Heimaey, Islandia / Vidas en la boca del infierno

Erupción del volcán Helgafell en Heimaey, Islandia
Frans Lanting / Corbis
Ander Izagirre

Al sur de Islandia, 46 moles de roca negra emergen del mar con violencia: es el archipiélago de Vestmannaeyjar, modelado por las erupciones y los terremotos. Caminamos por Heimaey, la única isla habitada, y subimos al volcán que brotó en 1973 y sepultó media ciudad.

El 22 de enero de 1973, el marino Siggi debía zarpar del puerto de Reykiavik (capital de Islandia) para navegar con su pesquero hasta la isla de Heimaey, su tierra natal. Siggi, que entonces tenía 38 años y ahora 73, dice que tuvo un presentimiento y retrasó el viaje.

Unas horas más tarde, en la madrugada del 23 de enero, la tierra crujió en el este del pueblo de Heimaey, el único del archipiélago. De pronto se abrió una grieta de kilómetro y medio y desde las entrañas de la tierra brotó una muralla de fuego de docenas de metros de altura. La erupción estalló a cuatro pasos de Heimaey. El viento del Este, el más habitual, habría sepultado la localidad con lava y cenizas en unas pocas horas, pero aquella noche soplaba un salvador viento del Sur. Los 5.000 habitantes tuvieron tiempo para abandonar la isla antes del amanecer. Salieron corriendo de sus casas y subieron a los barcos que iban y venían sin parar hasta la cercana costa de la isla de Islandia.

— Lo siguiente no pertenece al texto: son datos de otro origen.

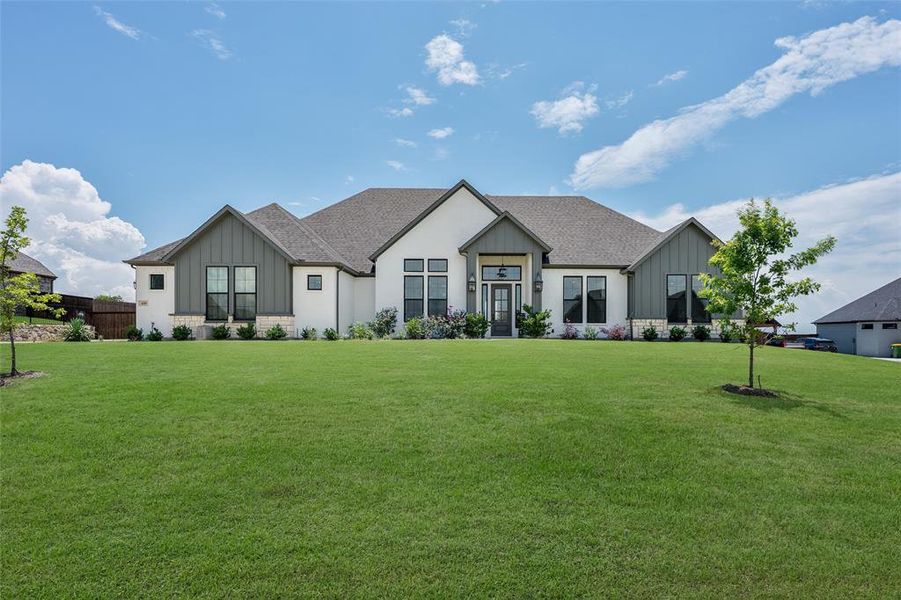 Front exterior of a new home in , Waxahachie, TX, highlighting curb appeal (Image 2). Front exterior of a new home in , Waxahachie, TX, highlighting curb appeal (Image 2).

Casas enterradas en ceniza. Heimaey, Islandia, 1973
Owen Franken / Corbis
Siggi recibió la noticia en el puerto de Reykiavik, esa misma mañana. Zarpó con su barco pesquero hacia Heimaey, donde ya no quedaban vecinos, y colaboró en el rescate de coches, muebles y toneladas de pescado, que fueron transportados por mar y aire antes de que la lava los devorara.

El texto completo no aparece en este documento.